Required Reading

Any self-styled conservative would do well to read this article, “The Future of Tradition,” by Lee Harris, from the latest issue of Policy Review. Those who don’t consider themselves conservatives should read it anyway: Perhaps it will give you an understanding of the intellectual rationale behind traditions and traditionalism–and the reason conservatives are fighting so hard on a number of social issues.

I shall not lie: The article is dense, and will take some time to work through, but the result is well worth it. Harris will take you on a journey that kneecaps multi-culturalists and cultural relativism, re-examines defenses of traditionalism–defensible defenses as well as indefensible defenses–compares the Greek Sophists to comtemporary intellectuals, and much much more. All written in a dispassionate manner, taking you from point A to point B to point C. You may feel like you’ve entered the ring with an intellectual heavyweight–you have–but if you survive the bout, you’ll come out on the other side with a better understanding of culture, the transmission of culture, the current culture wars, why civilization hangs in the balance, how an intellectual elite has brought down civilization before, and how they’re trying to do it again. No doubt about it: This is very Important. One excerpt, just to give you a taste:

But a tradition that has lost its ethical obviousness has thereby become vulnerable to challenge, and the question soon arises: Why this tradition rather than the tradition of foreigners? Indeed, that was the theme of the first cultural warriors, the Greek Sophists, who, wandering as homeless strangers, went from polis to polis undermining the traditional ethos everywhere they stopped–not by willful subversion, but merely by calling the traditional ethos into question. To cause people to have even the first shadow of a doubt about the rightness of their inherited tradition is to exercise a staggering power over them, and it explains the often violent reaction of the Greek city-states against those who were perceived, fairly or unfairly, to be subverting the traditional order through the mere use of words.

Read this article. I can assure you that it is much more enlightening than studying for finals.

Not wholly unrelated, when I logged on to post this fine article, I came across the following bit in the comments section regarding TDR’s latest (excellent) issue that addresses similar issues:

“Out of curiosity, how does knowing who founded Rome create the kind of balanced, thoughful person that is able to live a world that is much more complicated than your proscribed brew of Bible, Milton and Shakespeare?”

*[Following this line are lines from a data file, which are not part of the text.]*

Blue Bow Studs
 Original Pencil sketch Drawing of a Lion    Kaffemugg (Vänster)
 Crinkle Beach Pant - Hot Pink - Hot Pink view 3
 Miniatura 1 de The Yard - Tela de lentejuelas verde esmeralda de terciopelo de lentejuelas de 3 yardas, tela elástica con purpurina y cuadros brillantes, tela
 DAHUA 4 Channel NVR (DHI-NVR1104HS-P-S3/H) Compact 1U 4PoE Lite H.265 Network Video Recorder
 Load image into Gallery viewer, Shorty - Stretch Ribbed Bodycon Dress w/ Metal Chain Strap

The implicit assumption, it seems, is that at some point (in the last few decades, I suppose), humanity evolved beyond the quaint ruminations of Milton, Shakespeare, and the Disciples. Their views and razor-sharp commentary and observations on the nature of civilization, human beings, and history are out of date, passe. One wonders, though, how the modern world is “much more complicated” than that of Shakespeare, who, I believe, did a pretty damn good job with recreating human nature, emotions, and circumstances in a thought-provoking (and mellifluous) way. I wish someone like our dear anonymous would explain how I, Rigoberta Menchu is more relevant today than the Bible.

This kind of sentiment, as anti-intellectual as it is morally bankrupt, pervades so much of the modern-day university and is trickling/flooding into society. Harris’s article is a bone-crushing pile-drive of anyone who thinks otherwise–and it’s a call to arms for everyone worried about our societal trajectory.